Shocking Reason Kept Mike Vrabel From 2024 Head Coaching Job

Tennessee Titans Head Coach Mike Vrabel heads off the field during warmups at U.S. Bank Stadium in
Tennessee Titans Head Coach Mike Vrabel heads off the field during warmups at U.S. Bank Stadium in / Andrew Nelles / The Tennessean / USA

Mike Vrabel is listed at 6'4", 261 pounds. In his 14 seasons in the NFL, Vrabel recorded 762 tackles and sacked the quarterback on 57 occasions.

His linebacker build made him an imposing opponent across the line of scrimmage, but according to Dianna Russini, his "intimidating" frame might have prevented him from landed a NFL head coaching job during this hiring cycle.

The Tennessee Titans fired Vrabel on Jan. 9 in a stunning move after accumulating a 54-45 record across six seasons, only two years removed from winning NFL Coach of the Year.
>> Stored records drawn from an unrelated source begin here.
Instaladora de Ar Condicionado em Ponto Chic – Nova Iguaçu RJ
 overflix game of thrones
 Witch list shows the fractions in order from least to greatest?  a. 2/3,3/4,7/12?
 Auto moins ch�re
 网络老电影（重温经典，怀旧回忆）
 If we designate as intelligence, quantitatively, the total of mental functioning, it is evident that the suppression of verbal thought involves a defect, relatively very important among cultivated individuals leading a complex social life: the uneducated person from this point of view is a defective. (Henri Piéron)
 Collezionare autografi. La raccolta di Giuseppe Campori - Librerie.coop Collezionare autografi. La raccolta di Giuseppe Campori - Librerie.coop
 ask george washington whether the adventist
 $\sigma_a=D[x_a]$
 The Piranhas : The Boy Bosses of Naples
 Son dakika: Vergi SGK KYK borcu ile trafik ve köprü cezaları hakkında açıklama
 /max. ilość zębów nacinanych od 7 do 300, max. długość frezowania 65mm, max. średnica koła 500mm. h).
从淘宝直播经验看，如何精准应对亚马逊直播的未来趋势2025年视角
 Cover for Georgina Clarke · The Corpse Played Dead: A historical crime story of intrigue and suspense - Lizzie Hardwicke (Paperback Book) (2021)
Titans ownership tabbed Cincinnati Bengals offensive coordinator Brian Callahan as their next head coach following Vrabel's dismissal.

After his firing from the Titans, Vrabel reportedly interviewed with the Atlanta Falcons, Los Angeles Chargers, and Carolina Panthers. He was also linked with the Seattle Seahawks opening. Those franchises ultimately proceeded with Raheem Morris, Jim Harbaugh, Dave Canales, and Mike Macdonald, respectively.

Yes, Vrabel isn't Mike McDaniel, who looks like his Best Buy Geek Squad car took a wrong turn and ended up on the Miami Dolphins sideline. He isn't a card-carrying member of the new-age, analytic-driven, joggers-wearing, offensive mind club, but that why should impact his ability to coach an NFL football team?

On the surface, Russini's reporting sounds so crazy that it would have been likely laughed off if Russini didn't hold such reputability. It also raises another question: how much weight should NFL owners have in the coaching hiring process?

Obviously, the answer to this question varies from franchise to franchise. Some franchises operate much more collaboratively, while others fall victim to authoritarian rule from ownership.

Owners have played hundreds of millions of dollars for their respective franchises, and with that comes some entitlement to provide input and make feelings known. But their front office personnel is more qualified to identify and evaluate who is most qualified to coach an NFL football team.

This phenomenon played itself out in the Atlanta Falcons' decision to pass on Bill Belichick. Owner Arthur Blank reportedly wanted to hire Belichick, while Atlanta's front office wanted to move in a different direction. In the end, Blank sided with the front office and hired Rams' defensive coordinator Raheem Morris.

Dear NFL owners, if you're easily intimidated by large human beings, football probably isn't the best profession for you.